Thread addendum is the radial distance from the pitch line out to the crest of an external screw thread — the portion of the thread profile that sits outside the theoretical pitch diameter established on our Pitch Diameter page. It's designated has. Because the pitch-line concept only applies meaningfully to the projecting thread ridge, internal threads don't have an addendum of their own.
The pitch line splits a thread profile into two regions. Everything above it, out to the crest, is the addendum. Everything below it, down to the root, is the dedendum. Thread height (see our Thread Height / Depth page) is simply addendum plus dedendum added together — addendum is the upper half of that same total depth, not a separate measurement.

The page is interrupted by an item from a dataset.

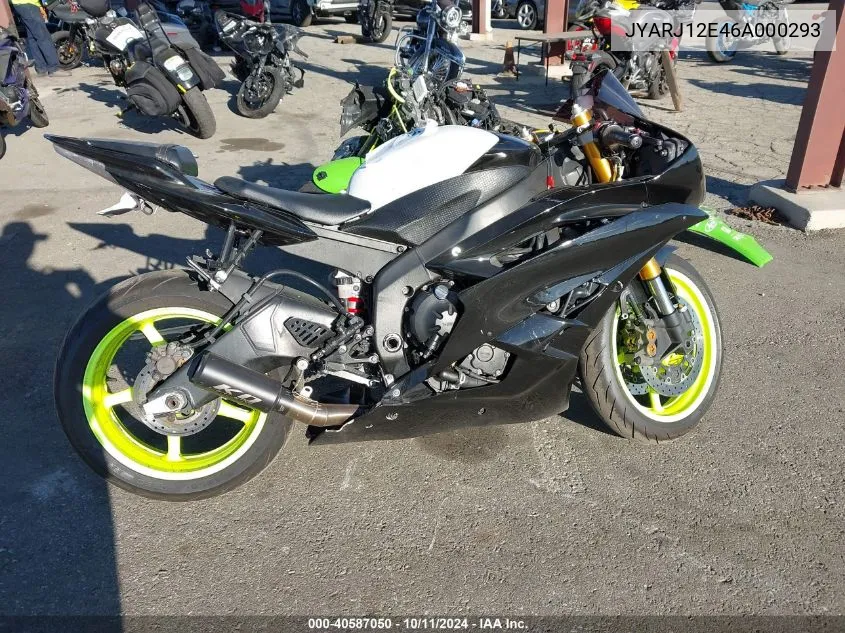 2006 Yamaha Yzfr6 L VIN: JYARJ12E46A000293 Lot: 40587050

For the same 60° symmetric thread form used by ISO metric and Unified inch threads, addendum is measured from the major diameter down to the pitch diameter: has = (d − d2) / 2, where d is major diameter and d2 is pitch diameter. Substituting the standard relationship between pitch diameter and pitch reduces this to:
has = 0.5 × (d − d2) ≈ 0.32476 × P
Like thread height, addendum depends solely on pitch — and it's noticeably smaller than full thread height (0.54127 × P), since it only covers the crest-side portion of the total depth.
The same term shows up in gear design, where addendum means the radial distance from a gear's pitch circle out to the tip (outside) circle of the tooth — conceptually the same idea as in threads: the projecting portion of the profile measured outward from the reference pitch line or circle.
Addendum matters most during inspection. A dedicated addendum gauge — a flat reference resting on the crest plus a ball-tipped indicator — measures it directly, and it's often the fastest way to catch a thread cut with a worn or chipped tool: the crest is usually the first part of a threading insert to wear, and that shows up as an addendum error before it shows up anywhere else on the part.